15 July 2015

Socialism is a bankrupt ideology

By Luke Johnson

Liam Byrne, the Labour Chief Secretary to the Treasury, said it all in the notorious 2010 note to his successor: “There is no money left.”

Socialists in countries like Britain thrived during the post-war years when the world was a much less competitive place. Their self-indulgent fantasies appeared affordable while giant nations like China were hobbled with communist regimes. Such totalitarian societies were essentially closed to international trade. Effectively the world economy was firing on half its cylinders.

But since China, India and other major countries unleashed the entrepreneurial spirits of their citizens starting in the 1990s, their productivity and global impact has increased vastly. Embracing markets, incentives, private ownership and growth, China in particular has become a manufacturing and exporting powerhouse. Its efficiency has laid waste to whole swathes of industries in the high cost west, creating huge challenges for old economic models, welfare systems – and organisations like the Labour party.

Labour relied on rich nations like Britain being able to afford ever more progressive systems of redistribution. But globalisation, modern logistics and automation have made such schemes unworkable. Ageing populations require more healthcare and much more pension provision, while citizens today have significantly inflated expectations about their standards of living.

The left assumed business in Britain would continue to pay high taxes, high wages, high property costs and remain competitive with Asian rivals. But that model is broken. Industry here fights hard to remain in the game, and cannot do so in a heavily unionised, highly regulated, excessive taxed environment. Of course Labour has never really understood free enterprise, and many on the left still think economics is a zero sum equation. They fantasise that there are tens of billions of tax being avoided which can somehow be captured from the capitalists to spend on welfare. Such ideas are a ludicrous myth.

At heart capitalism is about opportunities and growth. Individuals can start businesses and get rich – and in so doing create jobs, generate taxes and help pay for welfare and increase standards of living. There is no comparable mechanism whatsoever within socialist philosophy which encourages private citizens to take risks with their careers and capital to develop enterprises, innovate and expand an economy.

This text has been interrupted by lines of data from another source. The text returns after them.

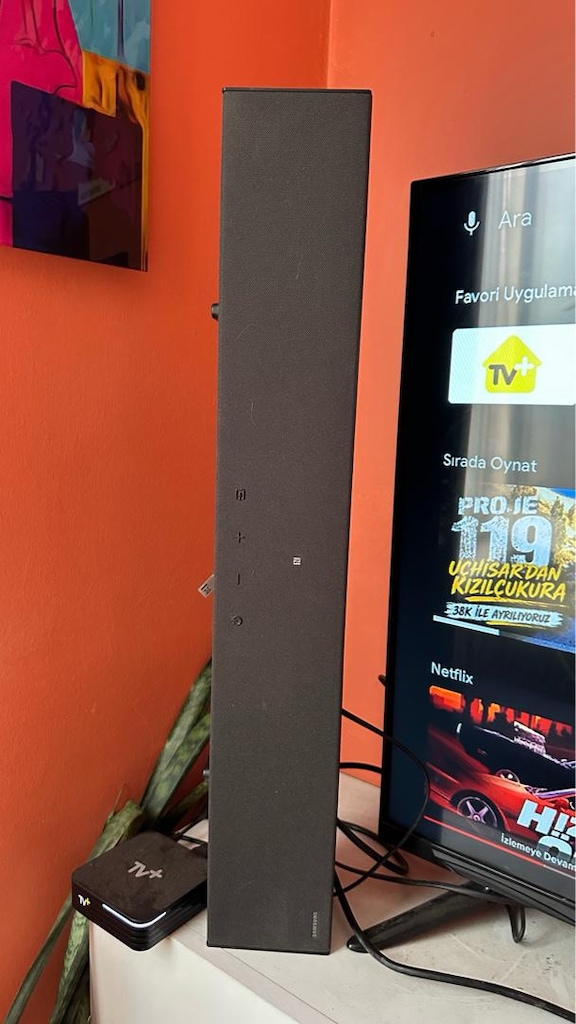Samsung HW-B400F 2.0 Soundbar – Temiz Kullanılmış - 2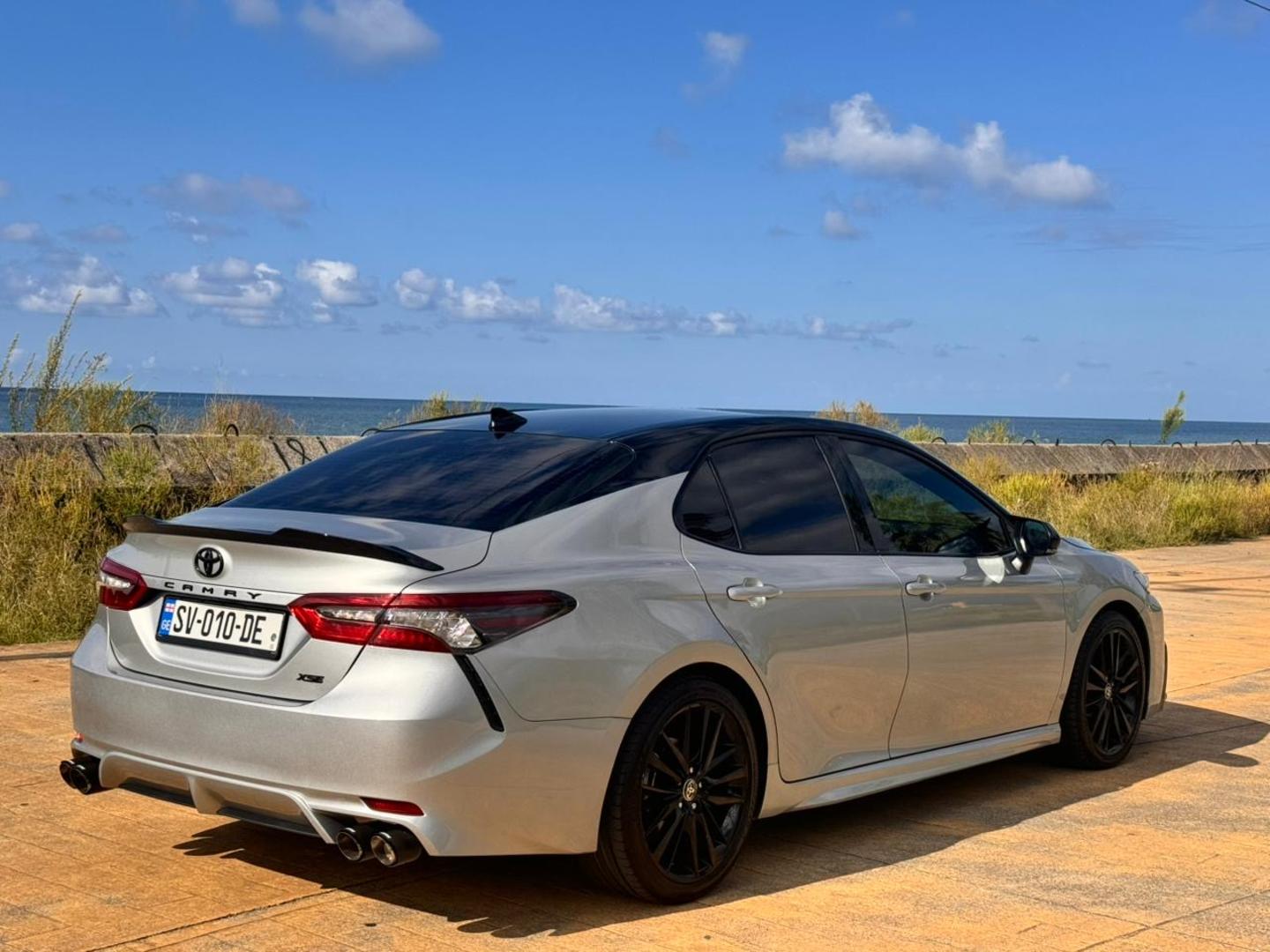 Toyota Camry 2021 — photo 2
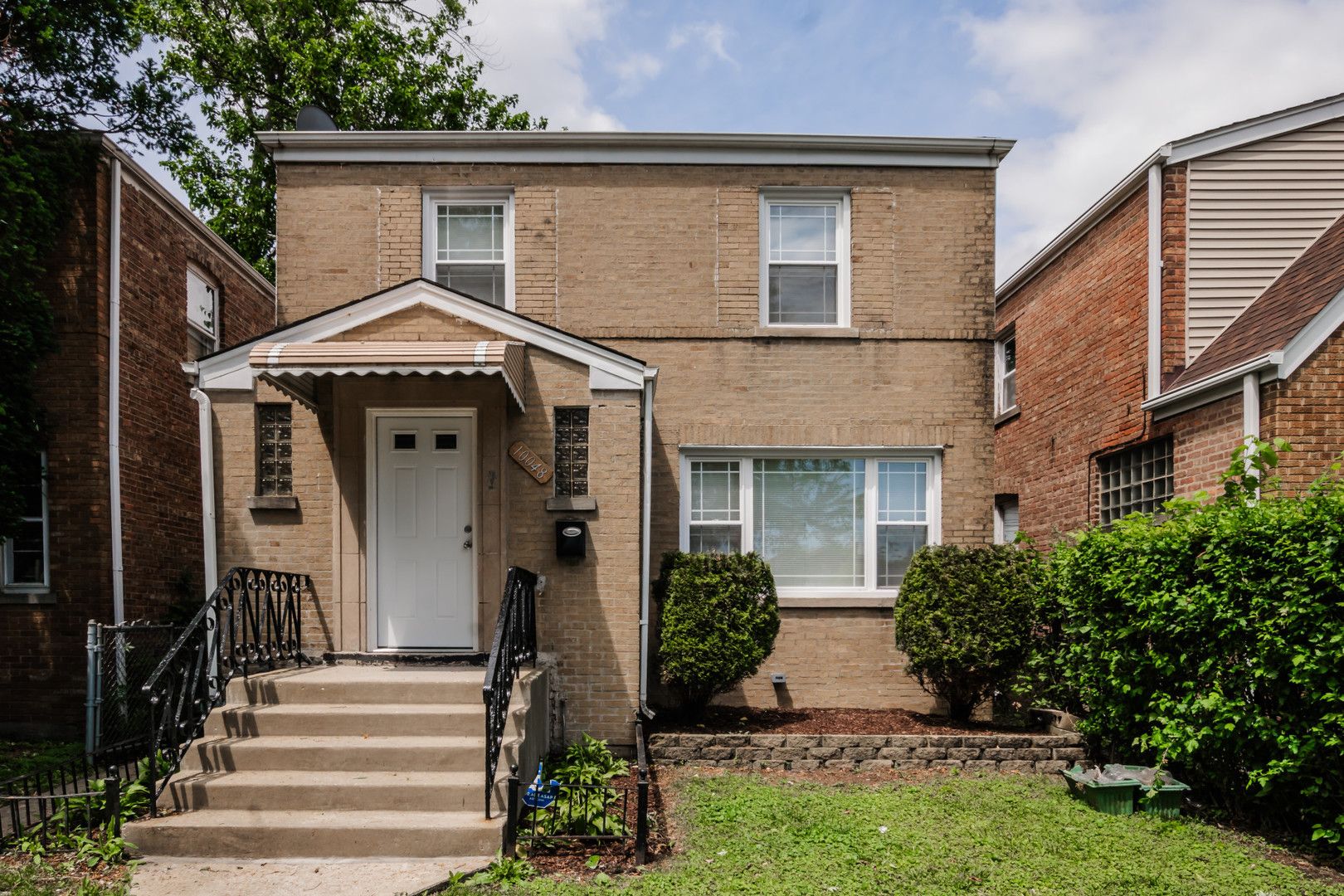 10048 S Saint Lawrence Avenue — Chicago, IL 60628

Instead the high command is occupied by those that seek status within government institutions, who claim to know best and want to control ever more aspects of our lives.

In Britain 85% of the working population are within the private sector. Most understand well that big government crowds out wealth creation. They know that generally citizens spend the money they earn more wisely than government spends the taxes it extracts by compulsion. Ultimately the state cannot create jobs or exports or net taxes: the private sector must do that. But Labour is almost exclusively focused on the public sector. This is partly driven by the fact it is very largely funded by unions – and they are overwhelmingly representative of state workers.

The narrative of the left is a pessimistic one: they argue that the current economic system is broken, inequality is rising, poverty is endemic and ‘austerity’ is crushing the spirits of millions. They say that ‘neo-liberalism’ is the cause of most of the world’s miseries – and fall back on vague collectivist theories to find the solutions. In fact British austerity is largely a piece of fiction: according to HM Treasury’s Budget, expenditure in 2010/11 was £697bn; in 2015/16 it is forecast to be £743bn – an increase of almost £50bn. Public spending has grown – it has not been cut.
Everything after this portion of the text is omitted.